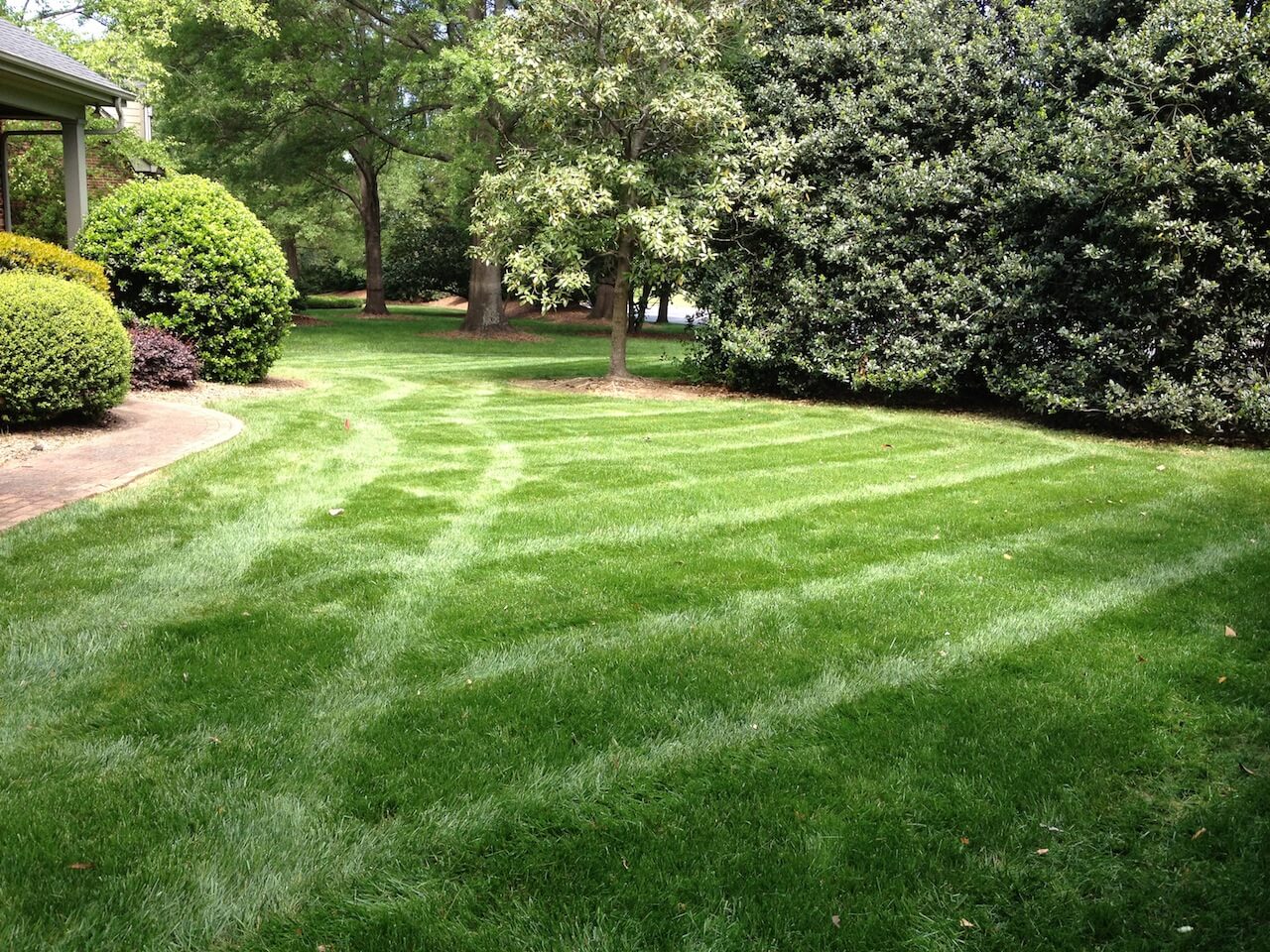 lawn care waxhaw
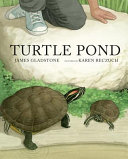 Turtle pond /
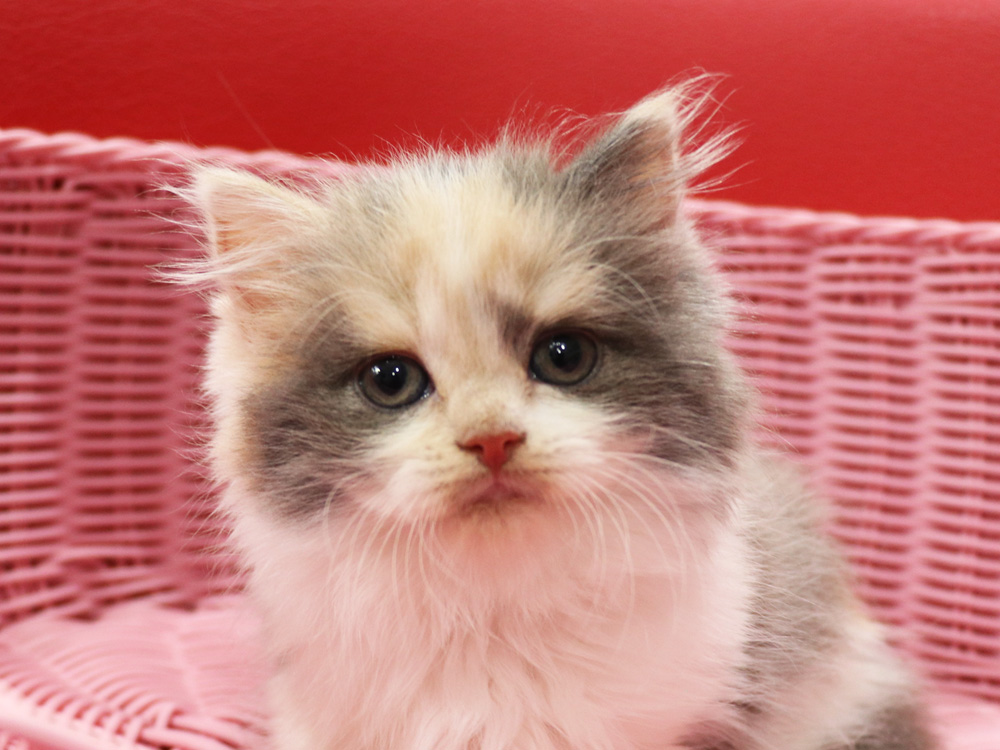 スコティッシュフォールドの子猫画像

HOW TO COMPLETE THIS TASK:
Leaving images out, please output every line of the data exactly.

EXERCISE ANSWER:
 lawn care waxhaw
 Turtle pond /
 スコティッシュフォールドの子猫画像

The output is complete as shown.